Sprawa odpowiedzialności Lecha Kaczyńskiego za nepotyczne i noszące znamiona korupcji ułaskawienie wspólnika swojego zięcia - to sprawa pierwszoplanowa polskiej polityki.
Wyrażane przekonania o niewinności prezydenta, jego dobrej woli, nieświadomości tego, co podpisuje – w gruncie rzeczy są oskarżeniem Lecha Kaczyńskiego, jako prezydenta kompletnie nie nadającego się do pełnienia swojego urzędu, który cudem nie sprowadził na Polskę nieszczęścia, składając swój podpis na podsuwanych mu dokumentach.
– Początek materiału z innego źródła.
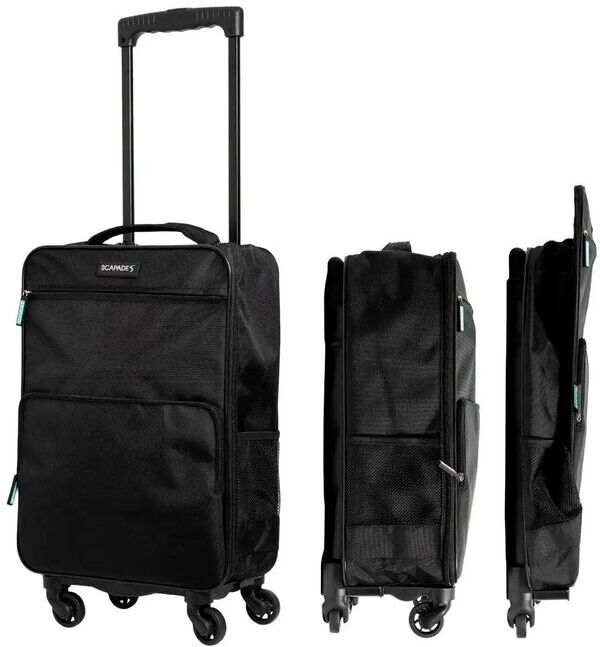 TROLLEY SCAPADE AIRSLIM CABIN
Prezydenta – marionetki pociąganej za sznurki przez bliżej nieokreślonych ludzi, którzy za pośrednictwem pracowników Kancelarii Prezydenta RP podejmowali działania decyzyjne przynależne zgodnie z Konstytucją wyłącznie Głowie Państwa.
Przyjrzyjmy się temu, co ujawniono w sprawie i czego nie wiemy:
Wiemy, że 24 lutego 2009 roku Andrzej Duda, prezydencki minister wystosował pismo do Prokuratora Generalnego z prośbą o akta sprawy Adama S.
Nie wiemy DLACZEGO Andrzej Duda takie pismo wystosował.
Nie wiemy KTO w imieniu Adama S. składał wniosek o ułaskawienie do Prezydenta RP – a należy przyjąć, że taki wniosek musiał wpłynąć i musiał być podstawą wystąpienia Andrzeja Dudy.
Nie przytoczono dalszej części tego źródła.